While the solution to that could simply mean using more equity in the deal, it isn’t that simple for Verizon. Moffett noted that anything less than 50% equity in a deal that values Charter at $400 per share or more would result in leverage of more than 4 times cash flow. But issuing more shares doesn’t just mean diluting the overall investor base for Verizon, Moffett noted. It also means laying out more cash for a dividend.
While leverage limitations argue for a more equity-rich transaction, dividend payout ratios argue for a more debt-heavy one,” Moffett wrote. “There may be no feasible solution that satisfies both of these considerations.”
Moffett offered an example: at a 4 times leverage ceiling and an 80% dividend payout ratio, the number of solutions that fit those criteria is zero.
While one solution would be to cut the dividend, that is usually only used as a last resort and has a checkered history in the cable business. When Bell Atlantic – Verizon’s predecessor company – tried to buy Tele-Communications Inc. – Charter investor John Malone’s former cable holding – in 1994, Moffett noted that the deal was “hailed as strategically brilliant.” But Bell Atlantic stock cratered after the telco said it would have to cut its dividend to get the deal done.

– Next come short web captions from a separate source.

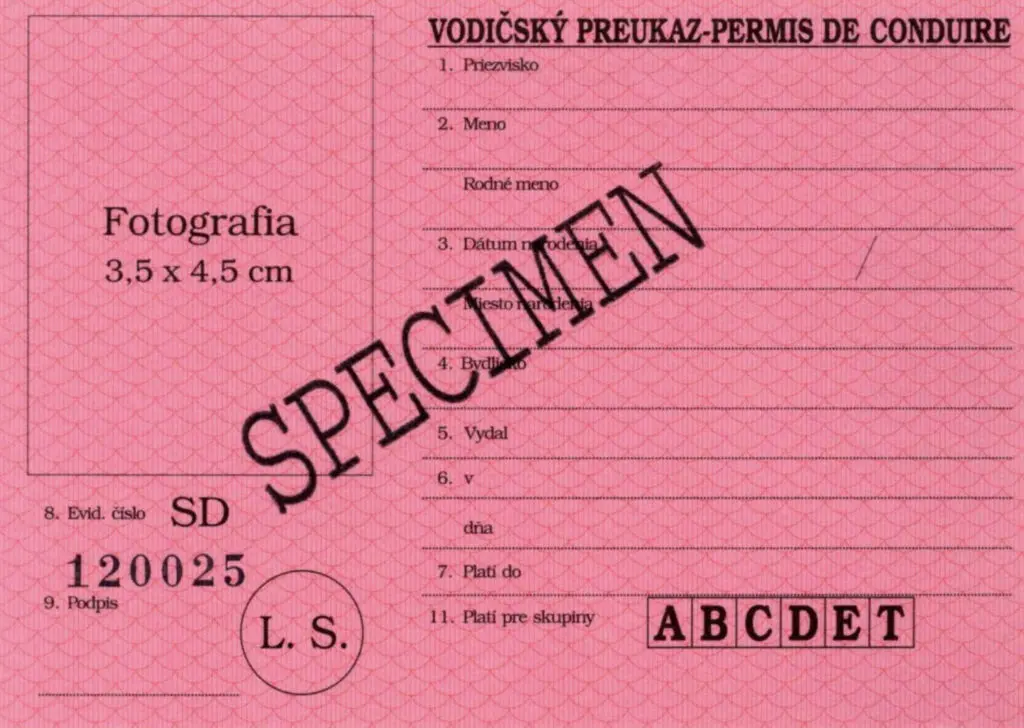 Ružový vodičský preukaz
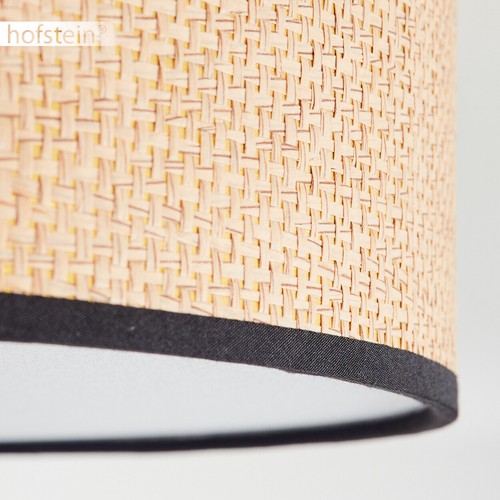 Lámpara de techo LED de pasillo de iluminación ratán redonda sala de estar dormitorio habitación - Imagen 3 de 10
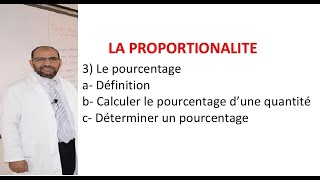 Proportionnalité  le pourcentage dune quantité [upl. by Thurman]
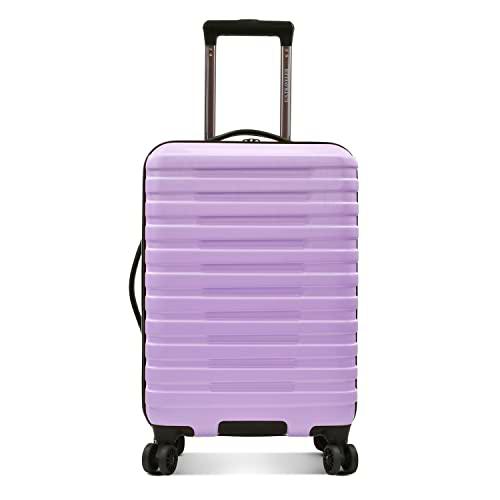 U.S. Traveler Hardside Equipaje Giratorio de 8 Ruedas con Sistema de Mango de Aluminio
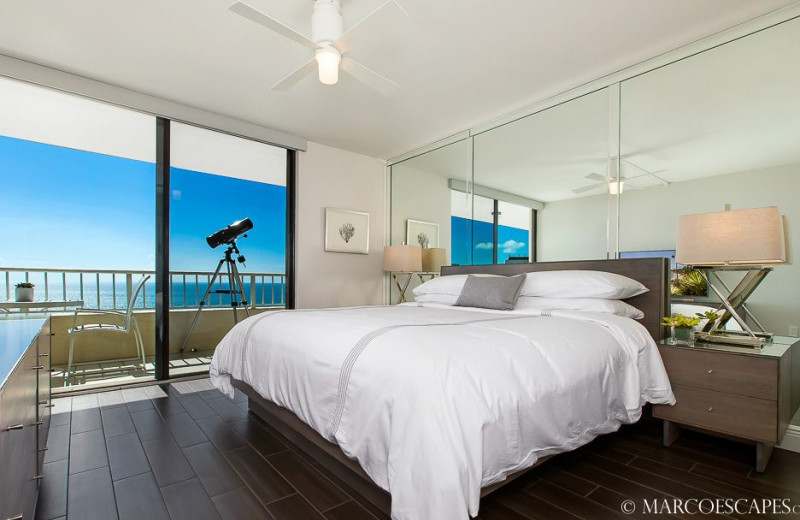 Rental bedroom at Marco Escapes.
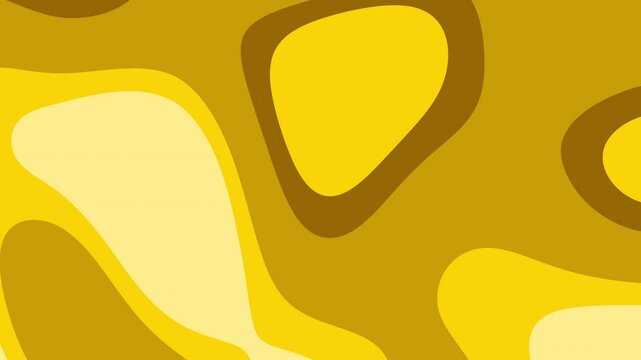 Abstract yellow pattern suitable for backgrounds, textiles, print designs, and social media graphics with a modern aesthetic. animation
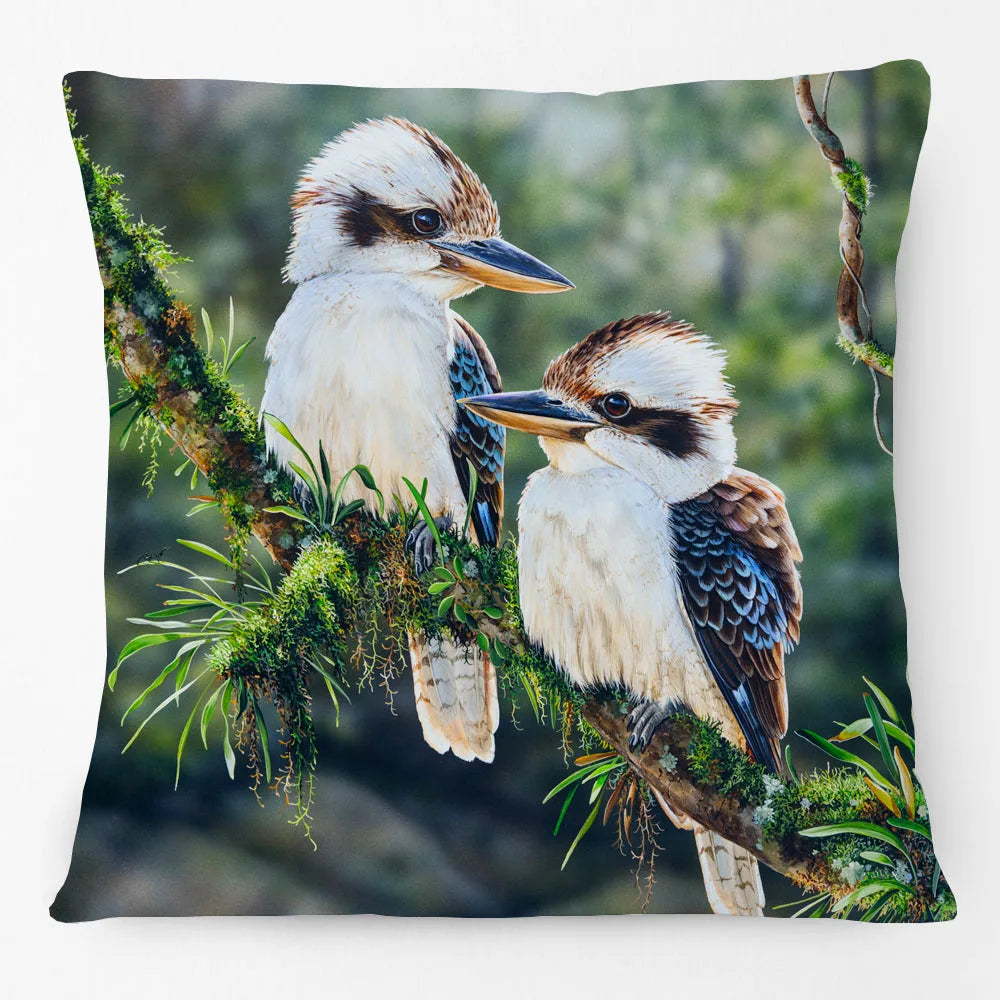 Australian Wildlife Cushion Cover | Koala Kookaburra Wren Finch Cockatoo | 45cm | Aussie Gift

It withdrew its offer almost immediately.
Moffett wrote that while anything can happen, especially in the ever-changing regulatory environment in the Trump administration, he thinks the deal is "unlikely."
Some in the investment community have argued that Verizon has been setting the stage for just this type of scenario for years – divesting its Fios assets outside the Northeast and shifting its focus toward mobile video. And they argue that there are several ways to structure a deal, including separately spinning off Fios to help finance the deal.
Others, like Barclays media analyst Kannan Venkateshwar, were skeptical of the urgency for Verizon to do a deal.
Venkateshwar wrote in a note to clients that the only scenario he saw where Verizon had to be a first mover was if it feared Charter would be acquired by another party or that Charter was moving to buy a wireless carrier like T-Mobile or Sprint. He didn’t see any indication that either of those scenarios was imminent.